Your task.
If a record holds a picture, leave the picture out, but write out everything else exactly.

Data for this task.

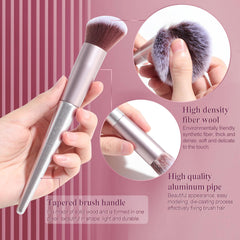 BS-MALL blush brush blends color on cheeks for natural radiance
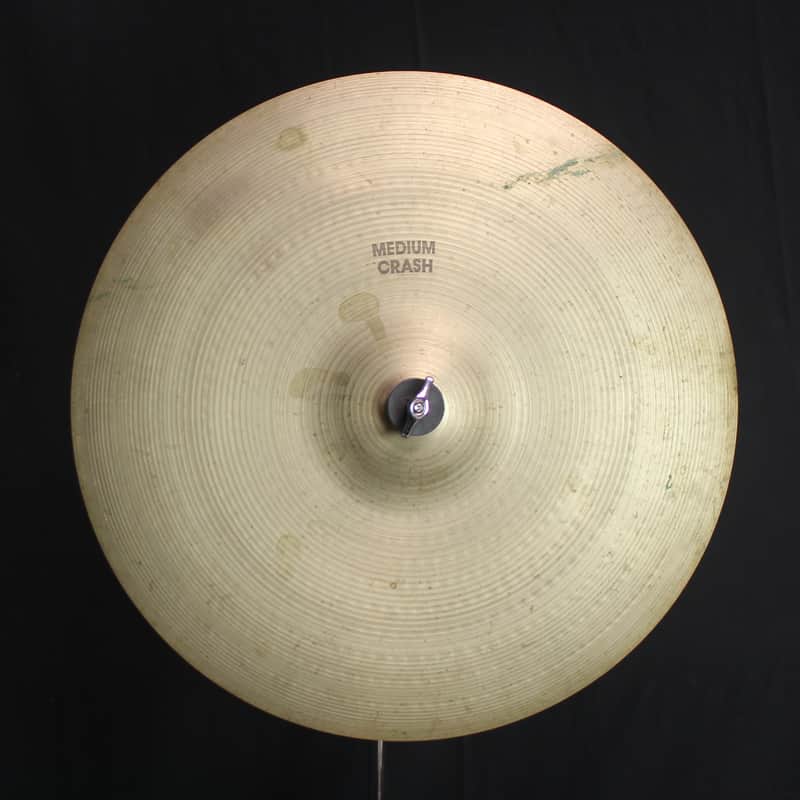 Vintage Zildjian 18" 1970's Hollow Logo A Medium Crash - 1654g (video demo) image 1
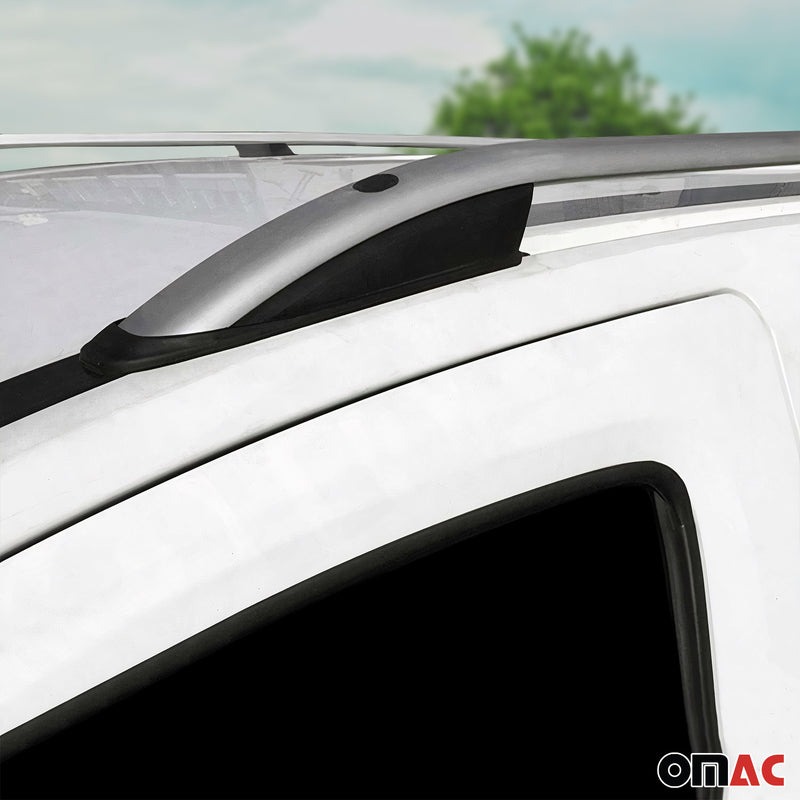 Barre portatutto in alluminio grigio per Peugeot 3008 2016-2019, 2 pezzi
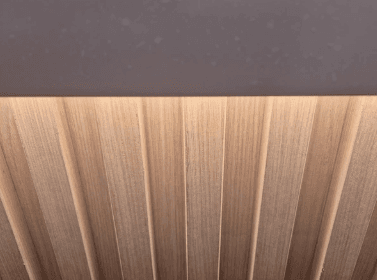 Close detail of precision timber joinery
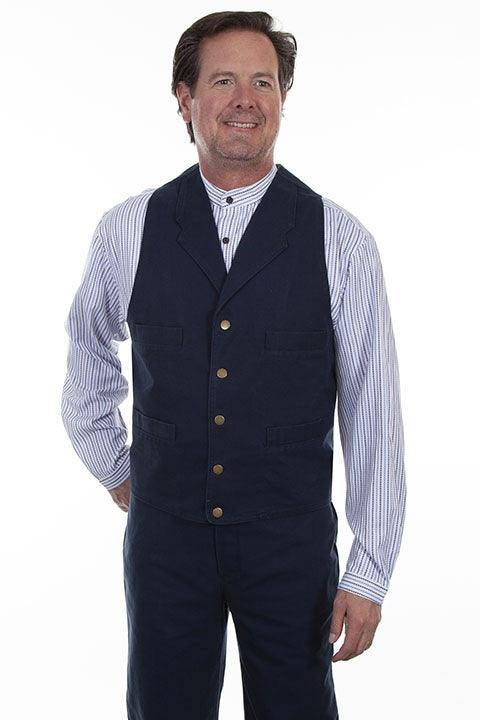 Scully NAVY CANVAS VEST - Flyclothing LLC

Answer to this task.
 BS-MALL blush brush blends color on cheeks for natural radiance
 Vintage Zildjian 18" 1970's Hollow Logo A Medium Crash - 1654g (video demo) image 1
 Barre portatutto in alluminio grigio per Peugeot 3008 2016-2019, 2 pezzi
 Close detail of precision timber joinery
 Scully NAVY CANVAS VEST - Flyclothing LLC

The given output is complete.